Almost like recreatin’ a feelin’ of 9-11 when the second plane hit the building (haha)
– Neredeyse ikinci uçak binaya çarptığında 9-11 hissini yeniden yaratmak gibi (haha)
So let ’em paint you the villain (fuck it)
– Öyleyse seni kötü adam olarak boyamalarına izin ver (siktir et)
Some of this just may be a symptom (yeah)
– Bunlardan bazıları sadece bir semptom olabilir (evet).
Of havin’ way too much income (mm)
– Çok fazla gelire sahip olmak (mm)
But when you struggled every day just to get some (yeah)
– Ama her gün sadece biraz almak için mücadele ettiğinde (evet)
Now all of this hate is a syndrome (yuh)
– Şimdi tüm bu nefret bir sendrom (yuh)
When they can’t relate, and that stems from (what?)
– İlişki kuramadıklarında ve bu da (ne?)
Money lookin’ like it grows on trees
– Böyle bir para görünüyor ağaçta yetişiyor
Yeah, they’re green but those aren’t leaves (leaves)
– Evet, yeşiller ama bunlar yaprak değil.
Sufficed to say, with every sacrifice I made
– Yaptığım her fedakarlıkta bunu söylemek yeterliydi.
It’s like I gave up my life to fame
– Sanki şöhret için hayatımdan vazgeçmişim gibi.

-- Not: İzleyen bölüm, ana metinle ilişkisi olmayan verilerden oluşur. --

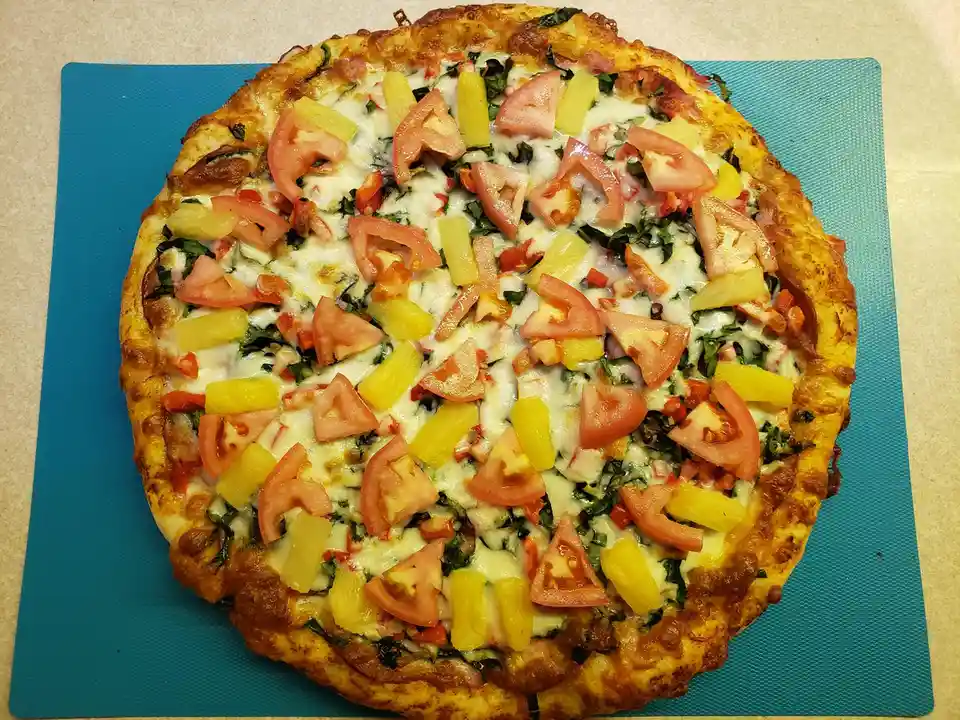 A freshly baked pizza with a golden crust sits on a blue cutting board, topped with melted cheese, chunks of red tomato, and…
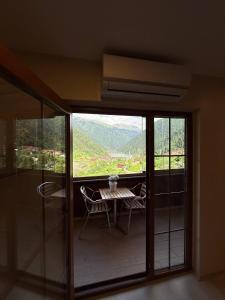 a room with a table and chairs on a balcony at Erkonak Pansiyon in Uzungöl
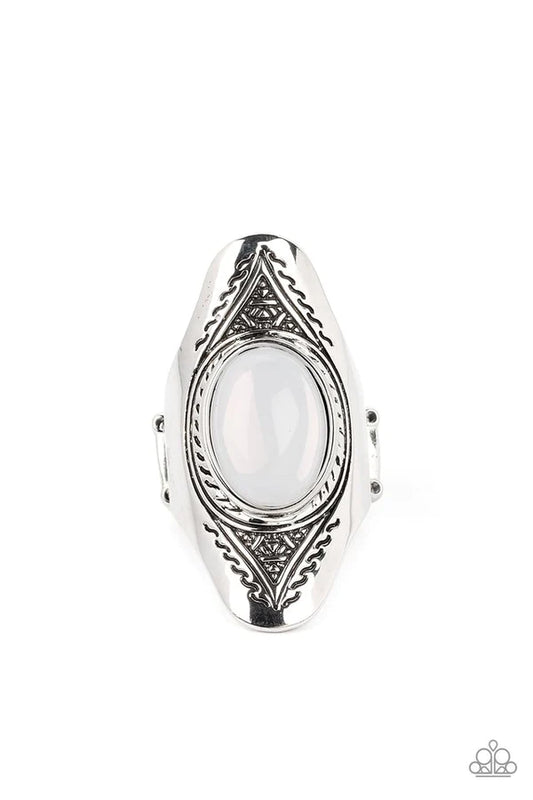 An oversized, glassy, opal bead is pressed into the center of a dramatically elongated silver frame. Triangular patterns are etched into the frame as it folds around the finger, resulting in an ethereal pop of color atop the finger. Features a stretchy band for a flexible fit.  Sold as one individual ring.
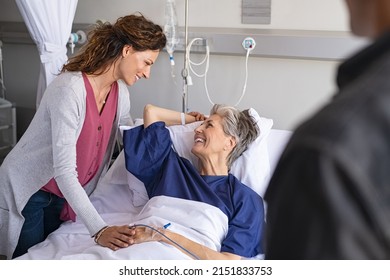 Lovely daughter and careful son visiting sick mother in hospital. Senior patient smiling in conversation with her family while hospitalized. Daughter visiting her old mother lying in bed at hospital. - Shutterstock ID 2151833753
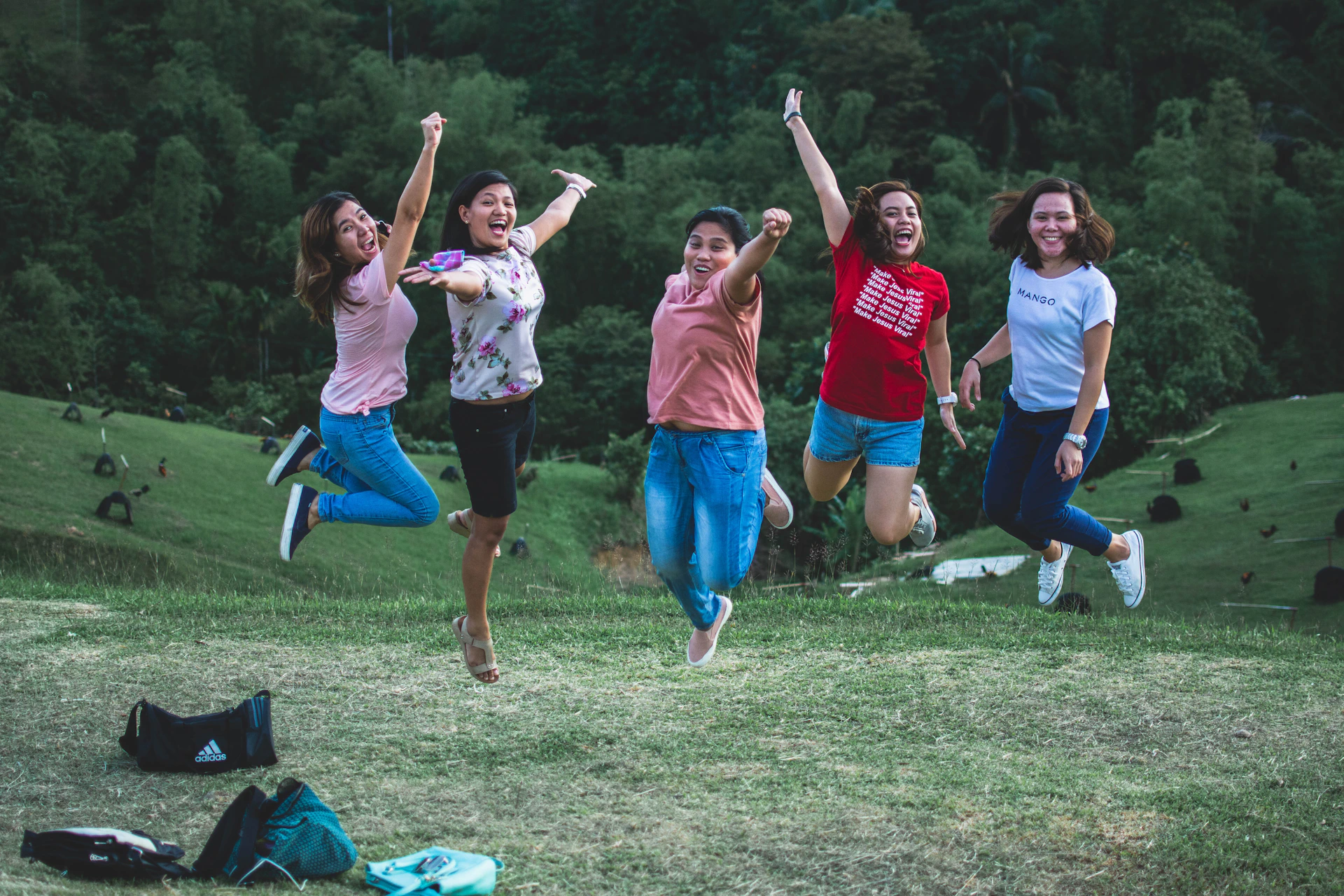 five women jumping on green grass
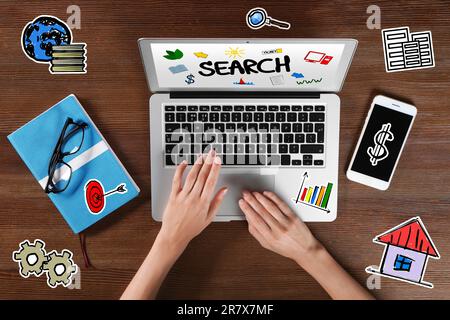 Search engine optimization (SEO). Marketing specialist using laptop at wooden table, top view. Virtual icons around her Stock Photo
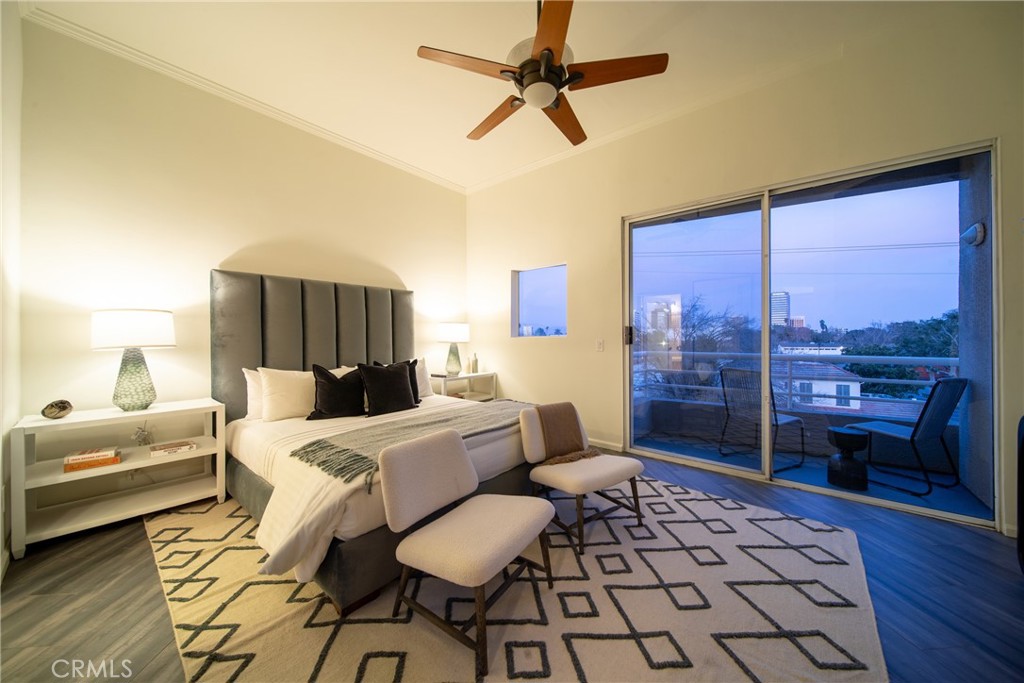 4557 Haskell Avenue, Unit 301 Encino, CA 91436 - Photo 17 of 40 a bedroom with a bed and wooden floor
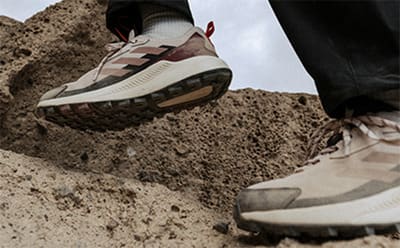The image shows a pair of hiking boots or sneakers with a rugged, textured sole standing on a sandy, rocky surface in the foreground, with a blurred background suggesting an outdoor, mountainous environment.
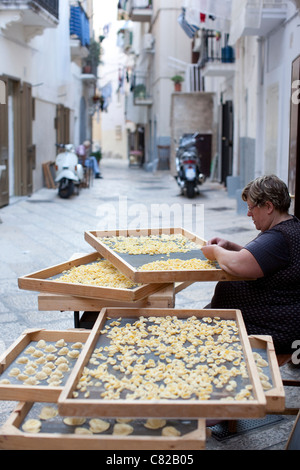 Woman making pasta on the streets of Bari old town, Puglia Italy. Photo:Jeff Gilbert Stock Photo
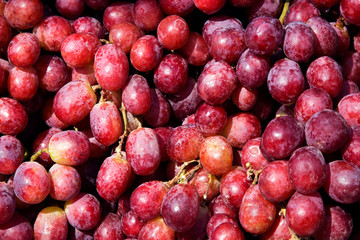 Red wine grapes background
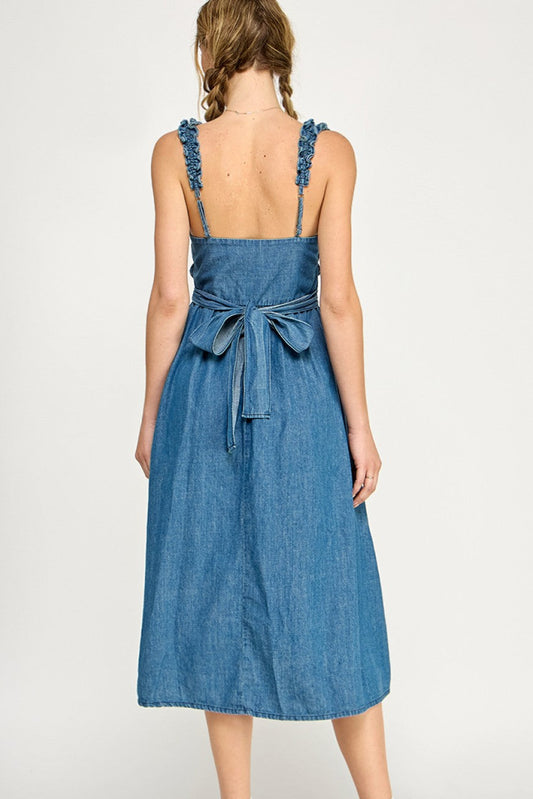 Smocked denim midi dress with ruffled straps, tiered bodice, and side pockets, styled with white sneakers.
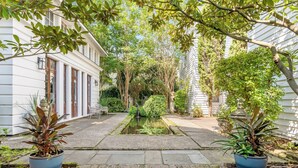 Un patio con una fuente central, rodeado de edificios blancos y diversas plantas.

All the nights that I lied awake
– Uyanık yalan söylediğim bütün geceler
Nights I stayed up to write and pray
– Yazmak ve dua etmek için kaldığım geceler
Had to claw, scratch, and fight my way
– Pençelemek, tırmalamak ve yolumla savaşmak zorunda kaldım
Just follow me, and I’ll light the way
– Beni takip et, yolu aydınlatayım.
Look to the hook if your sky look grey (Skylar Grey)
– Gökyüzünüz gri görünüyorsa kancaya bakın (Skylar Grey)
And rappers, how can we be (what?) on the same level now?
– Ve rapçiler, nasıl olabiliriz (ne?) şimdi aynı seviyede mi?
When I gotta look down and see these clowns that are on the ground
– Aşağıya bakıp yerde yatan palyaçoları görmem gerektiğinde
Bitch, I got the clouds beneath me (bitch)
– Kaltak, altımda bulutlar var (kaltak)
Ever since I put out the EP to the height of 2003 me
– Ep’yi 2003’ün zirvesine çıkardığımdan beri
You ain’t see the struggle to make it out the D’ because I made it somehow look easy
– Bunu başarma mücadelesini göremiyorsun çünkü bir şekilde kolay görünmesini sağladım.
Now you see me standin’ in the lights
– Şimdi beni ışıkların içinde dururken görüyorsun.
But you never saw my sacrifice
– Ama fedakarlığımı hiç görmedin.
Or all the nights I had to struggle to survive
– Ya da hayatta kalmak için mücadele etmek zorunda kaldığım bütün geceler
Had to lose it all to win the fight
– Savaşı kazanmak için hepsini kaybetmek zorunda kaldım.
I had to fall so many times (oh)
– Birçok kez düşmek zorunda kaldım (oh)
Now I’m the last one standin’ (oh)
– Şimdi ayakta kalan son kişi benim (oh)
Now I’m the last one standin’
– Şimdi ayakta kalan son kişi benim.
Skylar Grey, Polo G, Mozzy & Eminem – Last One Standing İngilizce Şarkı Sözleri Türkçe Anlamları
yazarı:
Etiketler:
Bir yanıt yazın
Yorum yapabilmek için oturum açmalısınız.